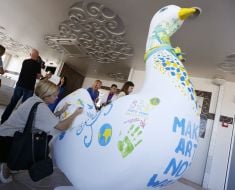 Участники акции "Голубь Мира в Небе"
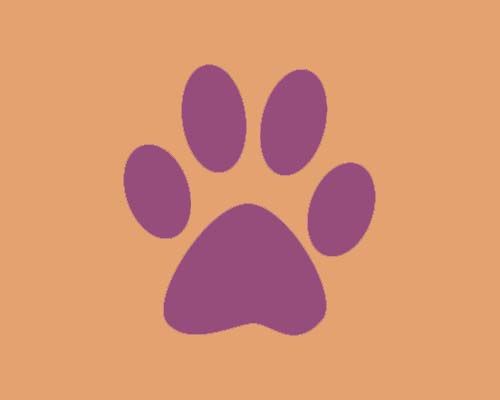 Example Image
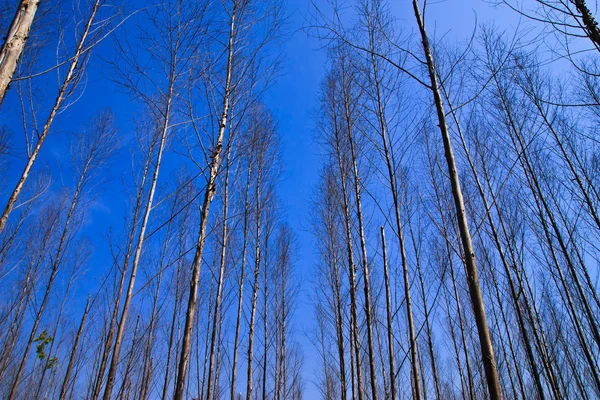 Suchý strom v létě a modrá obloha — Stock fotografie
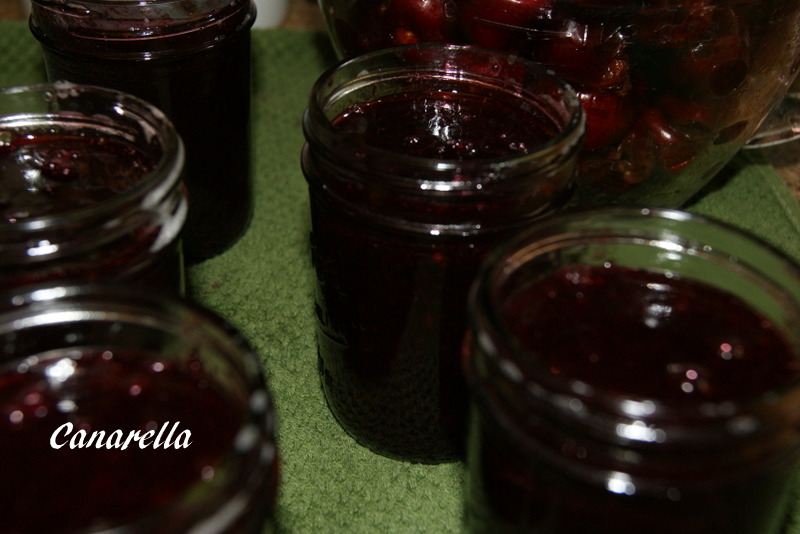 Canarella Balsamic Cherry Jam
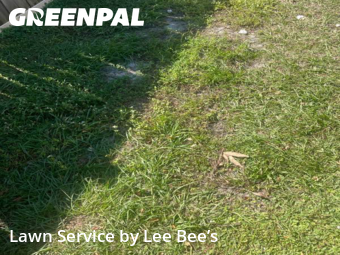 Yard Cutting nearby Orlando, FL, 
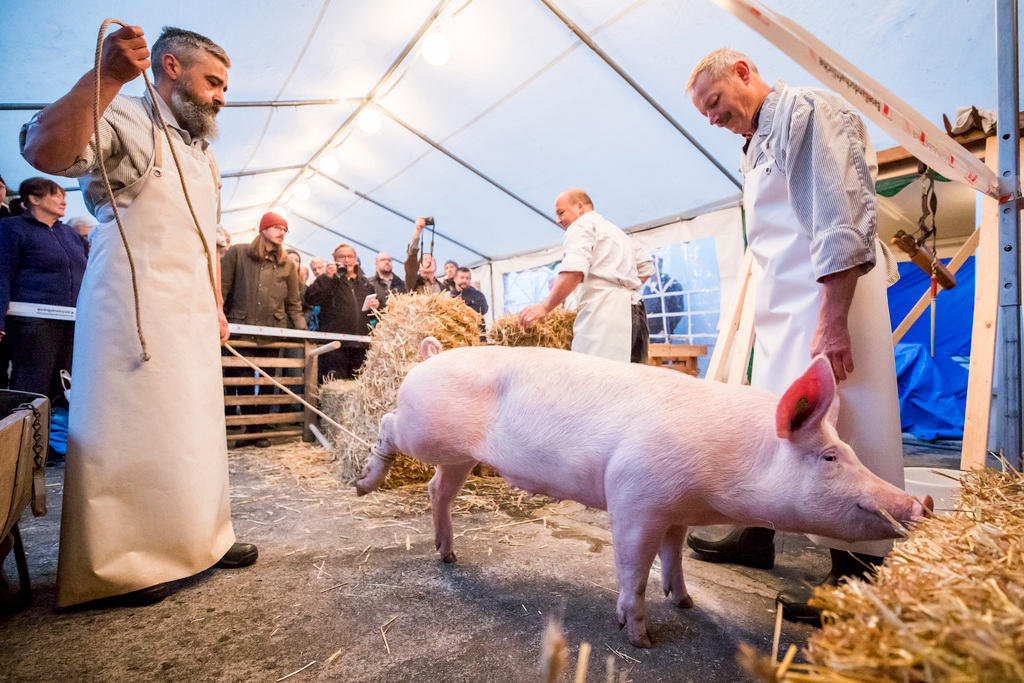 A pig, about to be slaughtered, is watched by spectators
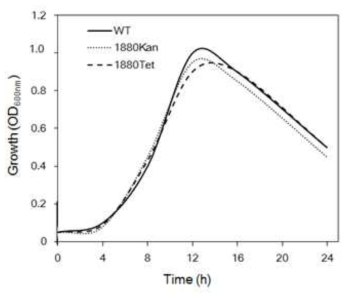 LB 액체배지에서 JBCS1880WT과 돌연변이균 1880Kan 및 1880Tet의 생육패턴 비교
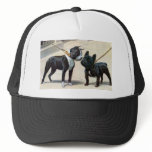 Boston Terrier  & French Bulldog Mesh Hats
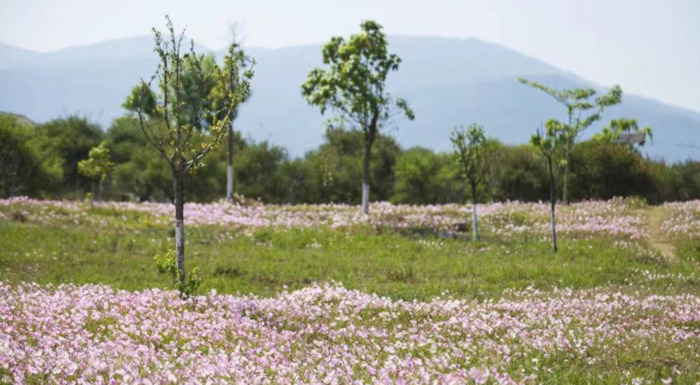 2022年是建党多少年了【现在建党多少年了】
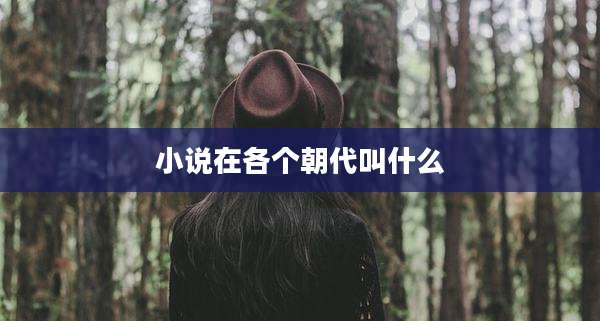 小说在各个朝代叫什么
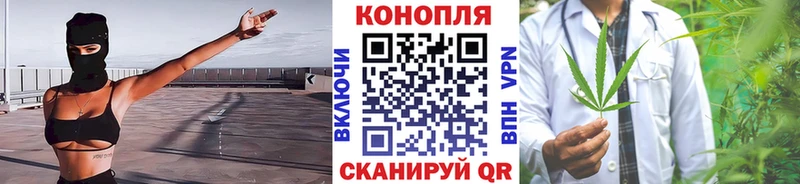 купить наркотик  Звенигород  Марихуана Amnesia 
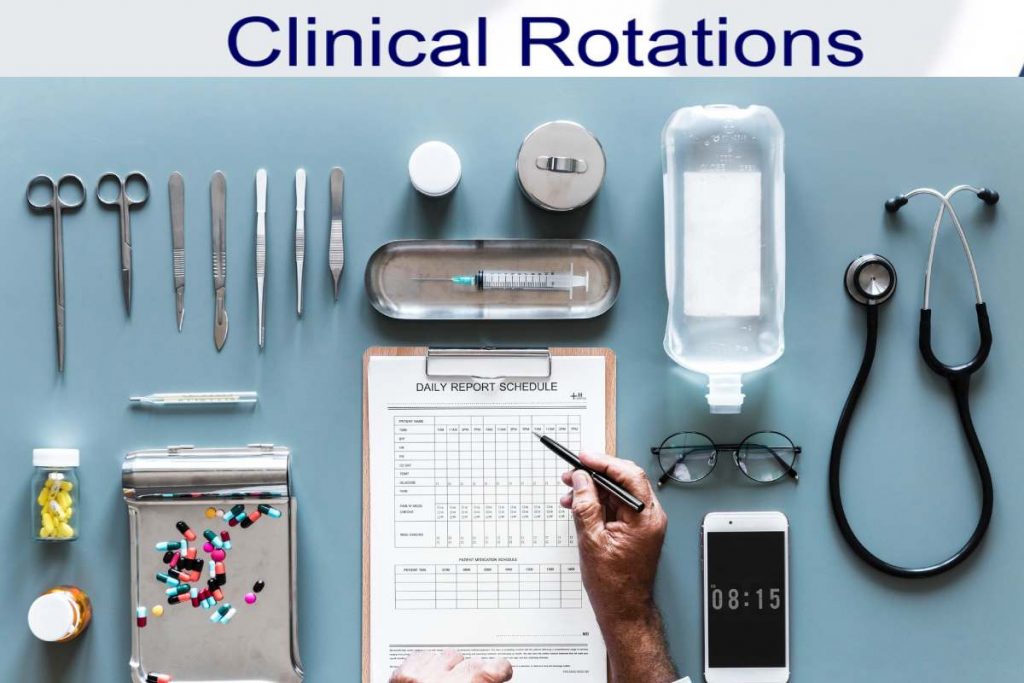Seven Things Nobody Told You About the Clinical Rotations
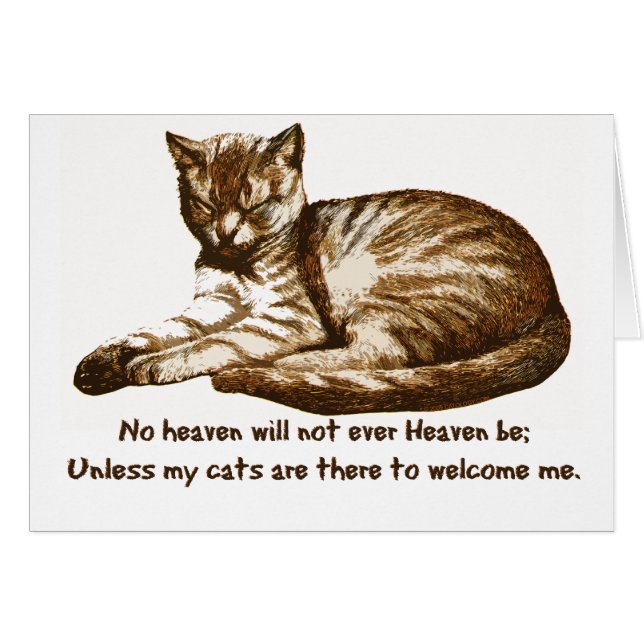 Katzen begrüßen mich (Vorderseite (Horizontal))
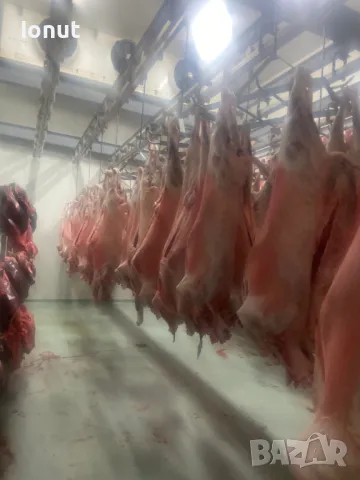 Продавам кланични агнета с тегло 14-20кг. , снимка 2 - Овце - 49685370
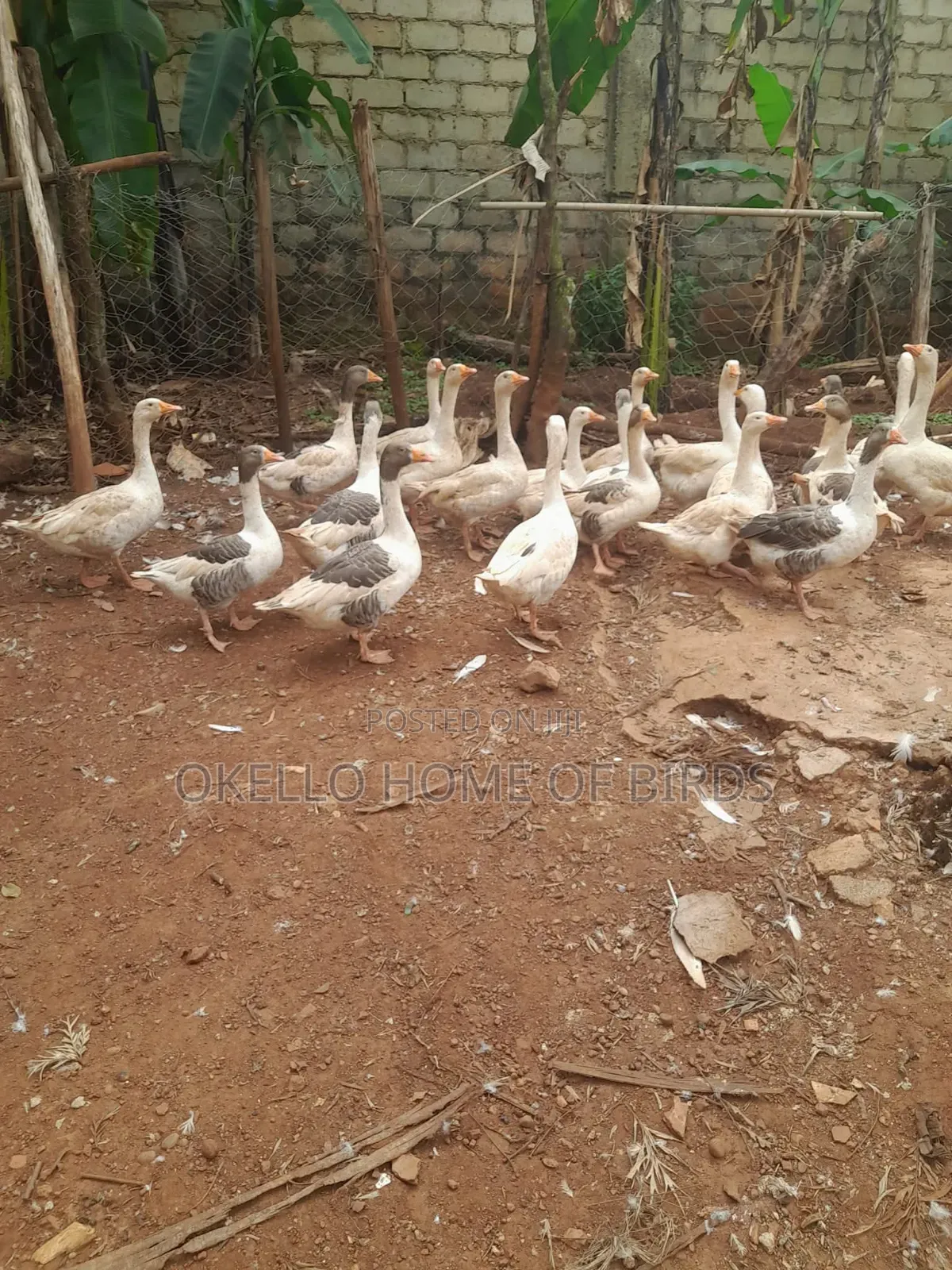 20 Geese for Meat and Farming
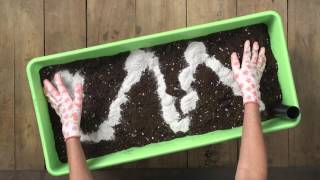 Planting a Single Row of Vegetables in an EarthBox®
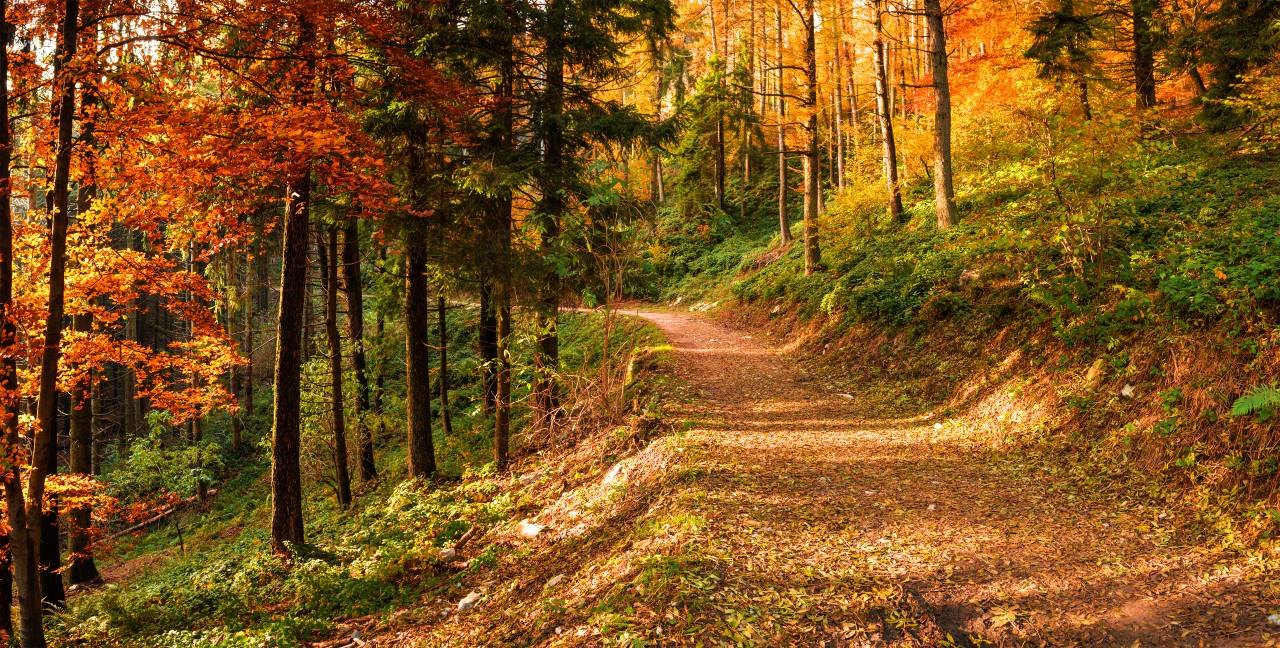 Autunno nel parco del Campo dei Fiori, sentiero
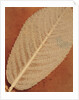 Single Leaf by William Henry Fox Talbot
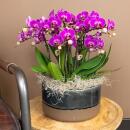 Orchidées Colibri | Orchidée Phalaenopsis violette - Morelia - taille du pot 9cm | plante dintérieur en fleurs - fraîche du producteur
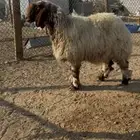 شاة صنف نعيميه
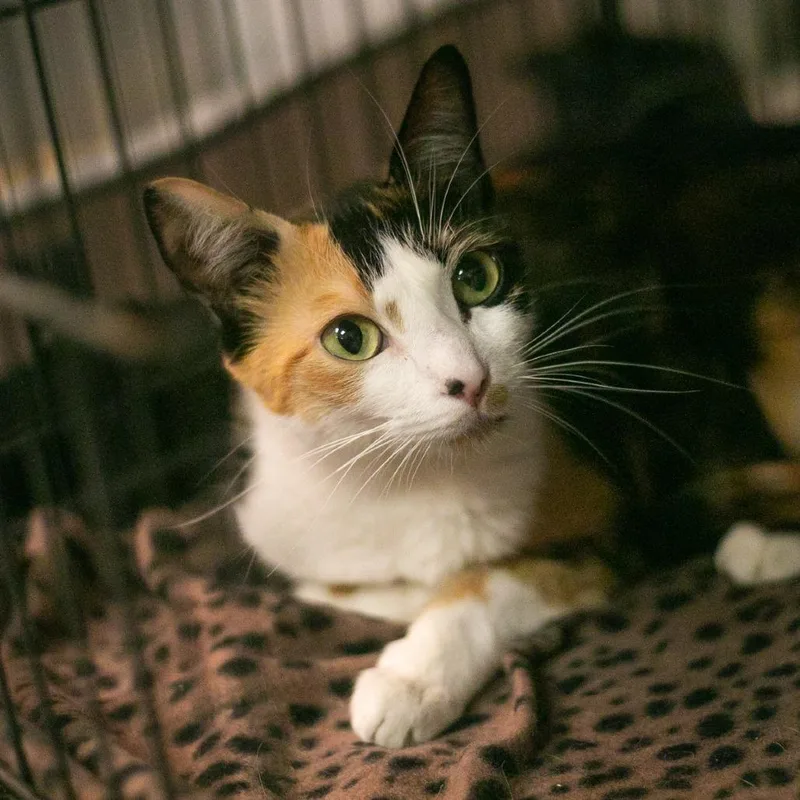 A young medium-sized female Calico Domestic Short Hair cat named Jazzi for adoption in Ponte Vedra, FL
────────
Only the pictures should be left out; the rest of the material above must be repeated exactly.

- Response to this exercise -
 Участники акции "Голубь Мира в Небе"
 Example Image
 Suchý strom v létě a modrá obloha — Stock fotografie
 Canarella Balsamic Cherry Jam
 Yard Cutting nearby Orlando, FL, 
 A pig, about to be slaughtered, is watched by spectators
 LB 액체배지에서 JBCS1880WT과 돌연변이균 1880Kan 및 1880Tet의 생육패턴 비교
 Boston Terrier  & French Bulldog Mesh Hats
 2022年是建党多少年了【现在建党多少年了】
 小说在各个朝代叫什么
 купить наркотик  Звенигород  Марихуана Amnesia 
Seven Things Nobody Told You About the Clinical Rotations
 Katzen begrüßen mich (Vorderseite (Horizontal))
 Продавам кланични агнета с тегло 14-20кг. , снимка 2 - Овце - 49685370
 20 Geese for Meat and Farming
 Planting a Single Row of Vegetables in an EarthBox®
 Autunno nel parco del Campo dei Fiori, sentiero
 Single Leaf by William Henry Fox Talbot
 Orchidées Colibri | Orchidée Phalaenopsis violette - Morelia - taille du pot 9cm | plante dintérieur en fleurs - fraîche du producteur
 شاة صنف نعيميه
 A young medium-sized female Calico Domestic Short Hair cat named Jazzi for adoption in Ponte Vedra, FL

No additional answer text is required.